The next step is to launch a larger study and we are planning on launching a study in the US under the SWOG group. Also we’re talking to our collaborators in Germany and other European countries to launch another study in Europe focussing on nivolumab alone versus surgery, so it would be randomised. The reason for launching those large studies is this is only way to change the standard of care to compare to surgery alone based on the promising results that we have encountered.

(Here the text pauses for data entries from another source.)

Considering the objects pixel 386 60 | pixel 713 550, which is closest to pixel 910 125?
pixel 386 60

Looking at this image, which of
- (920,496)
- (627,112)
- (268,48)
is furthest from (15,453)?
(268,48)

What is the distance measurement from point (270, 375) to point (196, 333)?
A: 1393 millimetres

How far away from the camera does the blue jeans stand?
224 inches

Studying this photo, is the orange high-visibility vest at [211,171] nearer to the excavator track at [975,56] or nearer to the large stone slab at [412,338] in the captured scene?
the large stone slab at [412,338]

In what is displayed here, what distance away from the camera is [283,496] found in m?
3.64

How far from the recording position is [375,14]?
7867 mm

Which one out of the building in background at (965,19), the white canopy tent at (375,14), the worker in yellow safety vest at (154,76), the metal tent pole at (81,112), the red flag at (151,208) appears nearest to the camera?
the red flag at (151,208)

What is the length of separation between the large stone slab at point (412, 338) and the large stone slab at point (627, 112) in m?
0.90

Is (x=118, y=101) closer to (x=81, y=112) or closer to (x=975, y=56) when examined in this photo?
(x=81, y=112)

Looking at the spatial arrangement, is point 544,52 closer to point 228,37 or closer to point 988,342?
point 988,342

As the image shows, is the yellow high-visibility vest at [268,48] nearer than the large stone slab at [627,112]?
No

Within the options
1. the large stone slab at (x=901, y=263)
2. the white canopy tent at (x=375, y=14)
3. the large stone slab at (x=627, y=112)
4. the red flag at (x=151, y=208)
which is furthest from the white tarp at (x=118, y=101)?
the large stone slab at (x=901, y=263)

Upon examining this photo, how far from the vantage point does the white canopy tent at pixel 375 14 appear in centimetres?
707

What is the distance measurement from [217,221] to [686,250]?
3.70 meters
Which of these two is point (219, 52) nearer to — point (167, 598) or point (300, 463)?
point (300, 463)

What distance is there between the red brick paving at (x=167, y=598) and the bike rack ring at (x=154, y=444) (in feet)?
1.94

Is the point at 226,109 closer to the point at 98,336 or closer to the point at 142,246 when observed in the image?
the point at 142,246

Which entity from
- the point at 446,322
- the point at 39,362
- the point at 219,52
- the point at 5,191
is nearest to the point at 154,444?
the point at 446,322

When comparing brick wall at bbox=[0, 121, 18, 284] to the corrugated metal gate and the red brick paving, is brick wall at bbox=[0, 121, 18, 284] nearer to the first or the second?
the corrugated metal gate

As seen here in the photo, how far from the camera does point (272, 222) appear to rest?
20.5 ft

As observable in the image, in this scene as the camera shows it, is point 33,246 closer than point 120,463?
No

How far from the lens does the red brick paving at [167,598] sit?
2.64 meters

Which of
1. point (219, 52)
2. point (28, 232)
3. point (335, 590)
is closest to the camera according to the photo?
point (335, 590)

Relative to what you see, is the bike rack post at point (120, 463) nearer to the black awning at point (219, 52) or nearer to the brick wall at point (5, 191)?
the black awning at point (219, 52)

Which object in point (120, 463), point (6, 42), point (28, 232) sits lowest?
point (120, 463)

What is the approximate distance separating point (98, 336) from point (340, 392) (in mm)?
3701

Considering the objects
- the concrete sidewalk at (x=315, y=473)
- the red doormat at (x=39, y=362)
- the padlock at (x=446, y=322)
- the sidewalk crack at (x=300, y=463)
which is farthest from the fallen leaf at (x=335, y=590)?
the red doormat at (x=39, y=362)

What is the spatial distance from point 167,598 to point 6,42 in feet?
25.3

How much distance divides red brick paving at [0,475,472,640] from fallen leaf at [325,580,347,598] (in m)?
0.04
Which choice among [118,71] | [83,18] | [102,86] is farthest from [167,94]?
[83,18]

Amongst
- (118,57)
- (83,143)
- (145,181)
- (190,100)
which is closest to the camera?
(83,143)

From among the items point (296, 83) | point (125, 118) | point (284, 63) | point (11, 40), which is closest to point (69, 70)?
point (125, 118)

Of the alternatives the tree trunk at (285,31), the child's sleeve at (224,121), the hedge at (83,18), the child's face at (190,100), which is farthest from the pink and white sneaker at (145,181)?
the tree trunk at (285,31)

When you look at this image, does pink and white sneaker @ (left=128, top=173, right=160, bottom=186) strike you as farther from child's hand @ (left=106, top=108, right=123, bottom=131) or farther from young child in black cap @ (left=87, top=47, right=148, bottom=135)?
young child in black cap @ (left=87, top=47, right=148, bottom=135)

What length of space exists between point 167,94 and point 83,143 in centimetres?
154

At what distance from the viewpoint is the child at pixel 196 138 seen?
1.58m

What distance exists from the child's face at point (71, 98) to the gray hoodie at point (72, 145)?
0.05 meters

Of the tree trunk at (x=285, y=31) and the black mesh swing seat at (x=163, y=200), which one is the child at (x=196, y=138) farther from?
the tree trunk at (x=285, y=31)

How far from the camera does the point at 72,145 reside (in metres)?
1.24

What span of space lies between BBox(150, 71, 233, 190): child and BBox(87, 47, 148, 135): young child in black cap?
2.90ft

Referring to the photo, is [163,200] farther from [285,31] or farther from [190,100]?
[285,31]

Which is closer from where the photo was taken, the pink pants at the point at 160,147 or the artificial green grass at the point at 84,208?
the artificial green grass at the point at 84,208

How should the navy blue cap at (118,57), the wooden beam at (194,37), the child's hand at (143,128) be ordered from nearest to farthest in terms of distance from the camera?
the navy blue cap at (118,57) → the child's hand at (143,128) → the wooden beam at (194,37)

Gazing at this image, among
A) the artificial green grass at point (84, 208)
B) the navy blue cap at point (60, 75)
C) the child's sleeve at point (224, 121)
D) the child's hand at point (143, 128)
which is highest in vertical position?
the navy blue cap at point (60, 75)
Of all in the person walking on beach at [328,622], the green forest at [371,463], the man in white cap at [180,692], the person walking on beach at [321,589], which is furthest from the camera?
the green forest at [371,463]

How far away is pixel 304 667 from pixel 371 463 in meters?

One interesting data that we have found was also the fact that those initial patients who achieved major response, we analysed three out of them, compared them to six patients who didn’t have this kind of response. We were able to identify specific immune cell types that correlated with the major response that we have seen. This is what our presentation is going to be revolving around. Basically two cell populations from CD8 cytotoxic T-cells were found to be increased at baseline as compared to T-regulatory cells so the ratio was higher, CD8 cytotoxic cells to T-regulatory cells. In those patients that the ratio was higher in the beginning they responded the best and also the delta, the difference between CD8 cytotoxic T-cells and T-regulatory cells increased at the time of surgery in those patients who had achieved a complete response. So we think that our study could also highlight some signals in terms of hypothesis generating work for the larger studies. This is going to benefit not only our team but also other researchers in the field because we are expecting this approach to take off.